REQUIRED WORK:
Without any pictures, retype exactly the lines that begin at the one holding "Handmade Primitive Wood" and end at the last line of the data below.
═══ SUPPLIED MATERIAL ═══
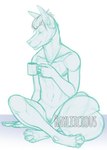 anthro canid digitigrade ear_piercing ear_ring facial_piercing featureless_crotch front_view hair holding_mug holding_object lip_piercing male mammal monochrome mouth_closed mug multiple_piercings navel nude piercing rayliicious ring_piercing short_hair simple_background sitting sketch snakebite_piercing solo tail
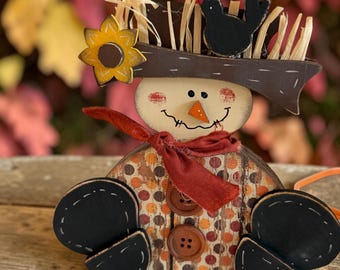 Handmade Primitive Wood Scarecrow Shelf Sitter, Fall Farmhouse Decor, Rustic Country Scarecrow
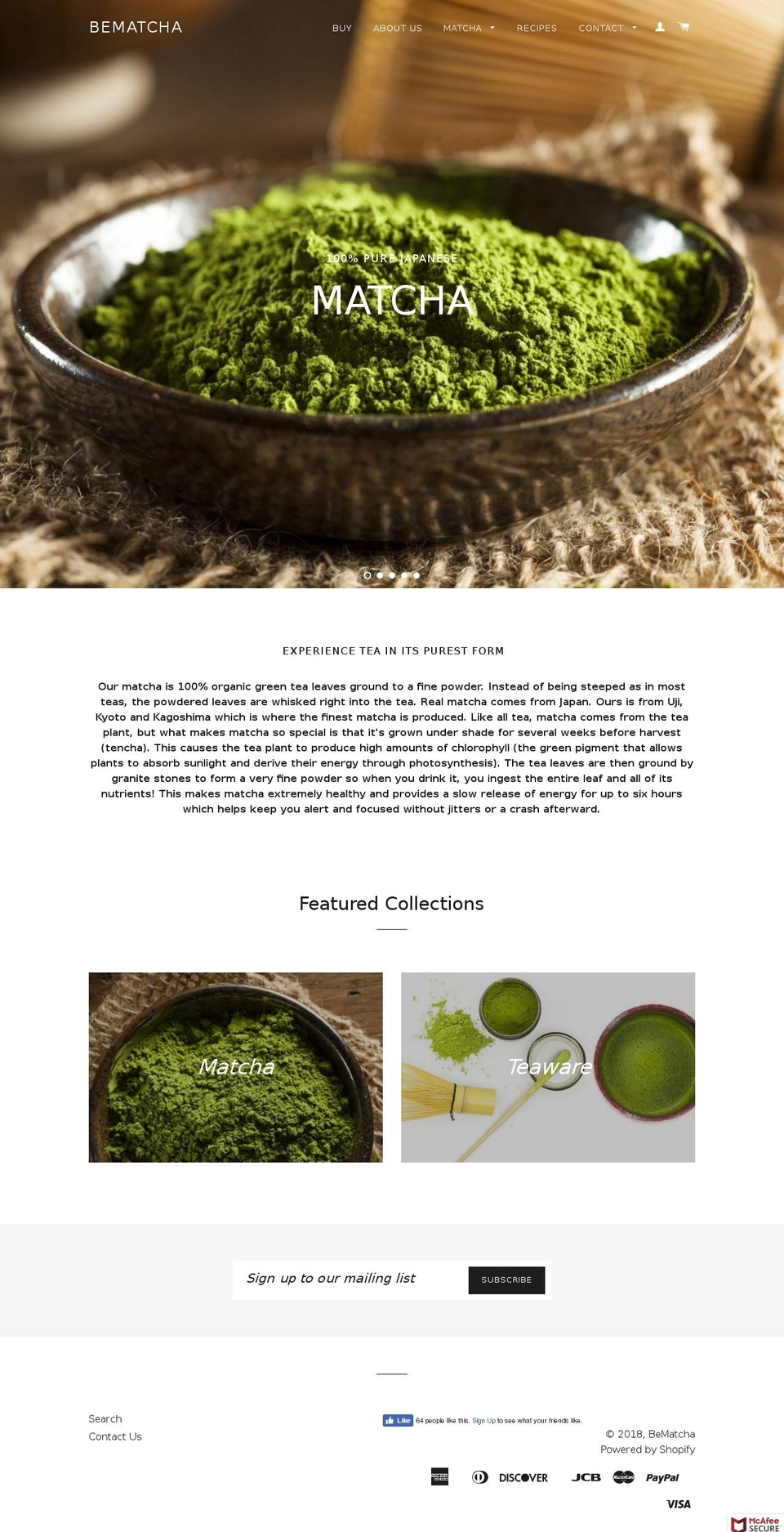 bematcha.com — Shopify storefront screenshot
═══
REPLY TO THE TASK:
 Handmade Primitive Wood Scarecrow Shelf Sitter, Fall Farmhouse Decor, Rustic Country Scarecrow
 bematcha.com — Shopify storefront screenshot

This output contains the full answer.